What does this law entail? Wasn’t Israel founded as a Jewish state? Wasn’t Zionism always concerned with the exercise of Jewish sovereignty in its own country? So why the excitement, if the law only sets out what has been clear since the beginning of the Zionist enterprise, regardless of whether the government was left- or right-wing?

The land of Israel is the historical homeland of the Jewish people, in which the State of Israel was established: this is stated right at the beginning of the law, in order to enshrine the existing flag, anthem and national capital in law. But right from the start, the Arab population has also lived in Israel as an ethnic and religious minority and as citizens. Today, around 1.7 million Arabs live in Israeli territory, representing 21 per cent of Israeli citizens. And citizenship actually means formal equality.

Arab outsiders and Jewish insecurities

 ‘As long as in the heart, within, a Jewish soul still yearns / and onward towards the ends of the east, an eye still looks toward Zion…’  goes the opening of Israel’s national anthem. Its Jewish content was and still is a bone of contention for many Arab citizens of Israel. 

While the new law legally establishes this hymn as the Israeli national anthem, the Arabs do not see themselves included in it. Ethnically and nationally, Israel’s Arab population belongs to the Palestinians, but at the same time they are Israeli citizens. They are the true outsiders in the Zionist project because they cannot establish a symbolic relationship to the Jewish nation-state. This has been the case ever since the Israeli state was founded in 1948, except that until now this had never been set down in Israeli law.

For the Jews of Israel too, the presence of the Arab population means a constant reminder that Jewish sovereignty is not self-evident and that the ‘Jewish state’ has to deal with non-Jews in its midst. In this respect, the law expresses the Jews’ own deep insecurity with their identity in their own country. The fear of losing national identity leads to a return to a rather non-liberal nationalism that is altogether comparable to current trends in Europe and the US.

A new generation of Arabs

Other changes are also taking place in society. Over the years, the Arab population has become part of the Israeli collective that constantly challenges the Jewish character of the state. A new generation of Arabs has grown up in Israel. Because of Israel’s proximity to the West, the best educational system in the Middle East, and its democratic principles, this generation has grown into an ethnic group whose members are no longer willing to be second-class citizens. So the actual function of this new law is to restore past conditions of exclusion.
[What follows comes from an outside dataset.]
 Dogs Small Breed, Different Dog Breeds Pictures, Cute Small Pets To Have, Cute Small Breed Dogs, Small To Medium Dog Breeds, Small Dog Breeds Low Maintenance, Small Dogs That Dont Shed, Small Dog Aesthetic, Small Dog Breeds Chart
Especially in recent years, much has changed within the Arab population. The Arab leadership increasingly ‘Palestinised’ themselves and demanded that the Jewish state change into a ‘state of all its citizens.’ Oftentimes, the same leaders demanded both equality and cultural autonomy. For example, the Palestinian elite published so-called vision papers calling for this bi-national state. 

So actually, the new law already foresees a time when the status quo of the occupation — which can indeed last for a very long time — will no longer work.

Allegations of irredentism — that Israel’s Arab citizens see their loyalty as being more to the Palestinians and the Arabs beyond Israel rather than to Israel itself — have always been and continue to be present. The more that the Arab population is symbolically and practically, for example economically, excluded from the common good of the Jewish state, the more self-confidently it shows itself as a minority. 

At the same time, the more similar the Arab becomes to the Jewish population, the more likely this will cause confusion among those who insist on ethnic homogeneity. The ever-increasing equality then manifests itself in demands from the Jewish side for increasing discrimination. This is one of the deep-seated principles behind the new legislation. And that is also the reason why Palestinian flags were waved in demonstrations against the law. To the government, this ‘confession’ of allegiance to the ‘enemy’ right in the center of Tel Aviv must have seemed as a form of validation. Netanyahu was also quick to argue that the demonstration had merely confirmed the need for him to enact a law institutionalising the Jewish character of the state.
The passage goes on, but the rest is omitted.